It's interesting that you mention the origins of book distribution -- buying the block, then getting it bound, etc. Two of my favorite writers from about that time are Sterne and Pope, and they both write sometimes about writing and being writers back in the 18th century, and they mention subscriptions and such things.
I have this vision of the business once upon a time -- At some point, I think publishers became a sort of "Jim Likes It" list of books filtered through the tastes of the person(s) whose name was on the letterhead -- Houghton Mifflin, Macmillan, Little Brown (*reflexively adds Jug*), Charles Scribner, etc. But earlier, it seemed not so much that publishers were the arbiters of taste as that writers convinced publishers that their books would sell.
But both Pope and Sterne sometimes hint about writers, especially new ones, building their own readerships through subscriptions that amounted to pre-ordering. It suggests that a publisher, who was laying out the cash, had to be assured of a minimum number of sales before he'd pay for a first press run. I suppose this would be especially true of books that were released in serial volumes. But it does seem to me that, back in the day, writers were primarily their own main promoters and marketers.
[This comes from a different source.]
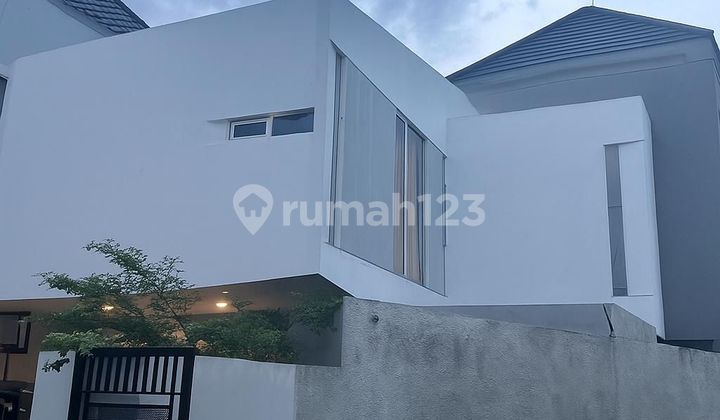 Rumah Cluester Hook Design Arsitektual 2 Lantai Siap Huni di Bintaro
It seems to me like the publishing industry model through the industrial age, 19th and 20th centuries, was heavily dependent on the distribution structure. If that structure changes radically, does that entire model go away? Are we dialed back to the pre-industrial or proto-industrial writing business of the 1700s as our starting point? Should we be looking at how books were sold then and think about transferring that model to 21st century tech?